Exactly and only the lines below from the one containing "Credit card icon" down to the one containing "Stylish Rectangular Fabric" are wanted, both included; please exclude every picture.

MATERIAL TO PROCESS: Begin

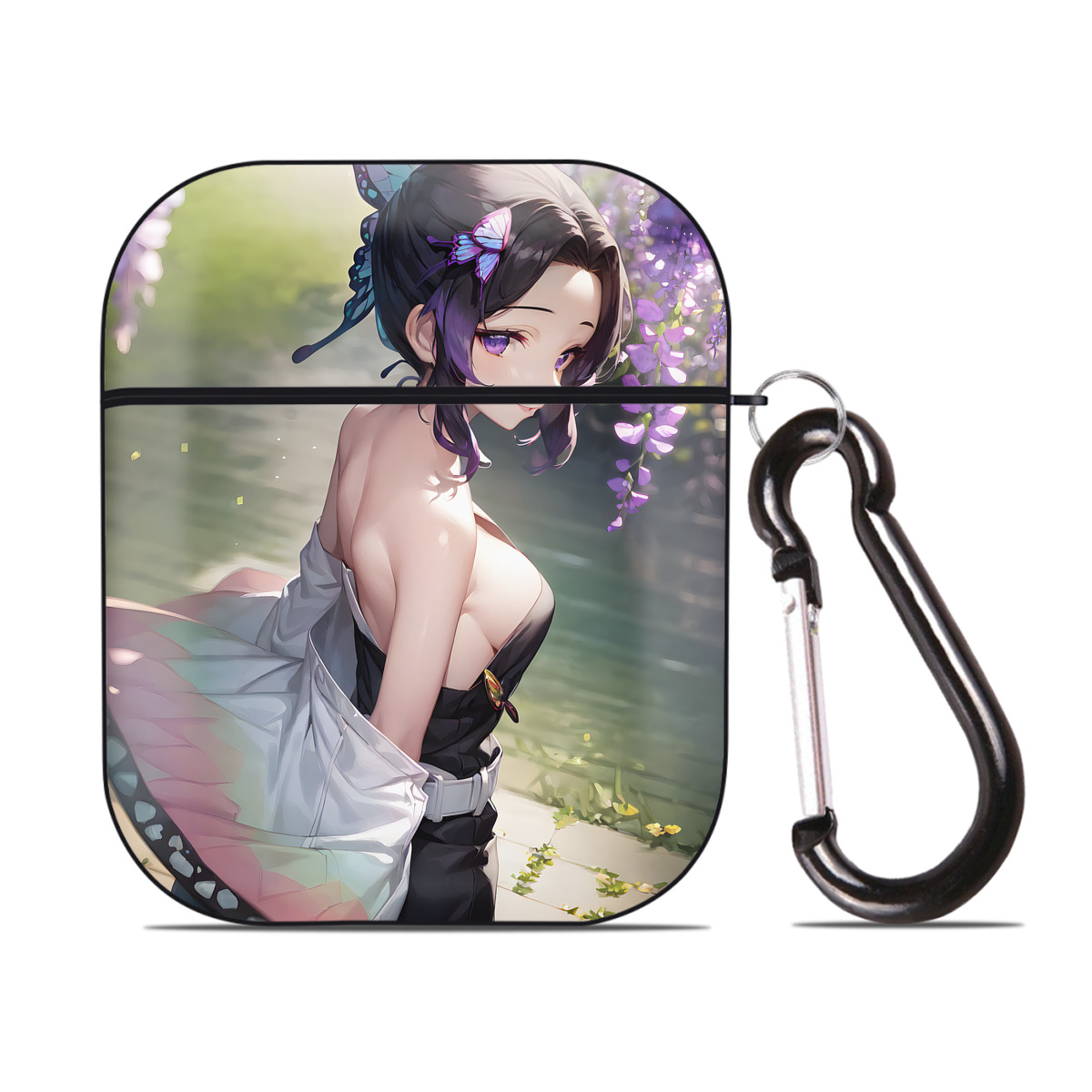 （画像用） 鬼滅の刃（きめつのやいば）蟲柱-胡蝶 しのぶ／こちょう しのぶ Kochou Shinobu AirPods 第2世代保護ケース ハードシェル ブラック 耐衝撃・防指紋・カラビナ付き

MATERIAL TO PROCESS: End
MATERIAL TO PROCESS: Begin

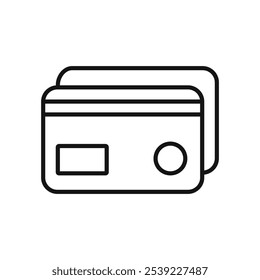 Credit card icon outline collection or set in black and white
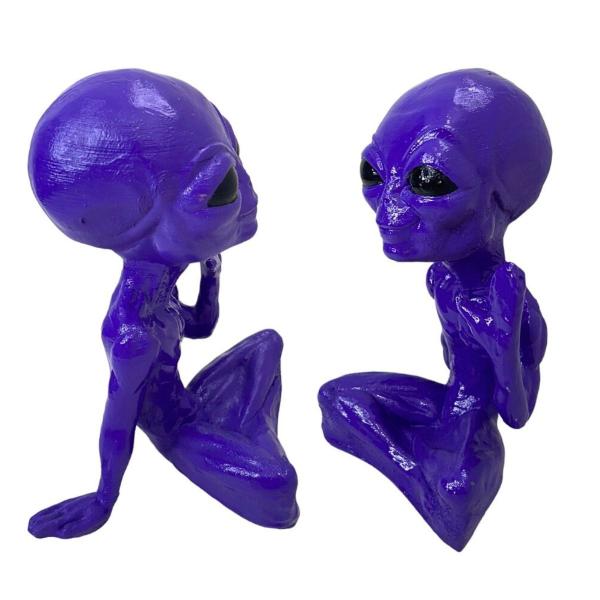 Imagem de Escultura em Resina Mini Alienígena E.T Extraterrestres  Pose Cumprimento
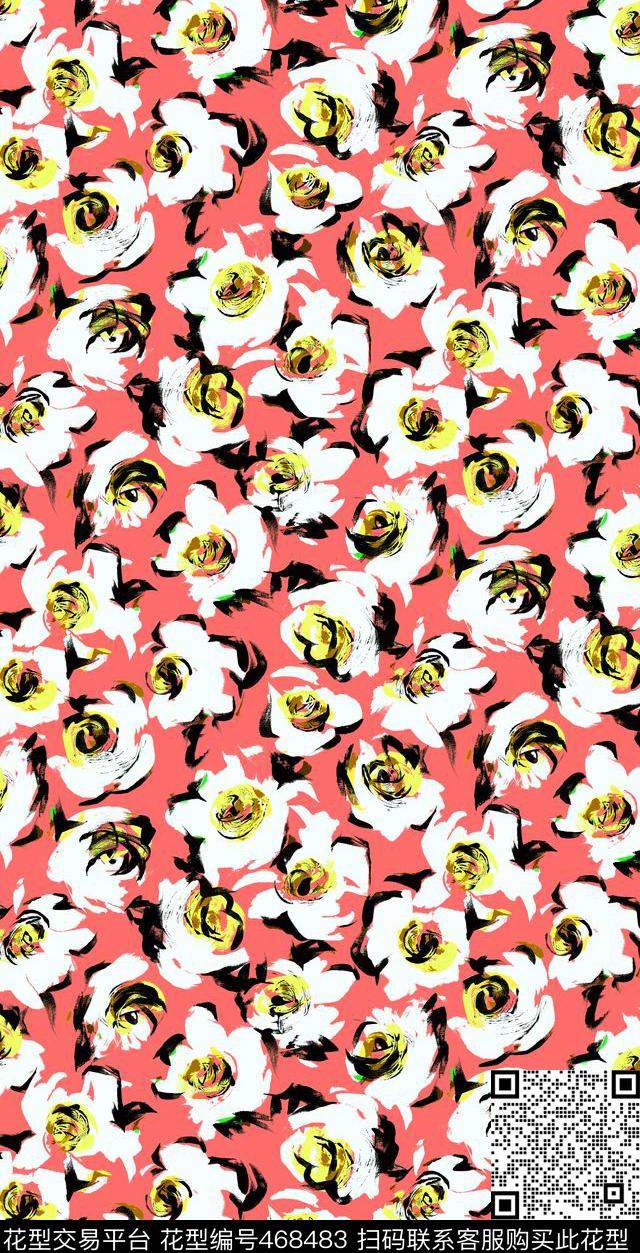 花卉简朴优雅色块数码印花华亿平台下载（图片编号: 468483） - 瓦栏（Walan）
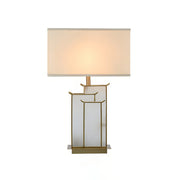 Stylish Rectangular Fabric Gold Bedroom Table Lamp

MATERIAL TO PROCESS: End
MATERIAL TO PROCESS: Begin

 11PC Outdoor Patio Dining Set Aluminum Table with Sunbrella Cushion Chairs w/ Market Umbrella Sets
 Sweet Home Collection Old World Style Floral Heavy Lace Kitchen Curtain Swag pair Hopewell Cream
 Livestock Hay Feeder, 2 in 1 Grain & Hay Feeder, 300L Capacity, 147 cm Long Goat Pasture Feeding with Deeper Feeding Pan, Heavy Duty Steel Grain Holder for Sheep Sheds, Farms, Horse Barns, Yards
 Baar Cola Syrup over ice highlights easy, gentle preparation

MATERIAL TO PROCESS: End

_ANSWER TO THIS EXERCISE_
 Credit card icon outline collection or set in black and white
 Imagem de Escultura em Resina Mini Alienígena E.T Extraterrestres  Pose Cumprimento
 花卉简朴优雅色块数码印花华亿平台下载（图片编号: 468483） - 瓦栏（Walan）
 Stylish Rectangular Fabric Gold Bedroom Table Lamp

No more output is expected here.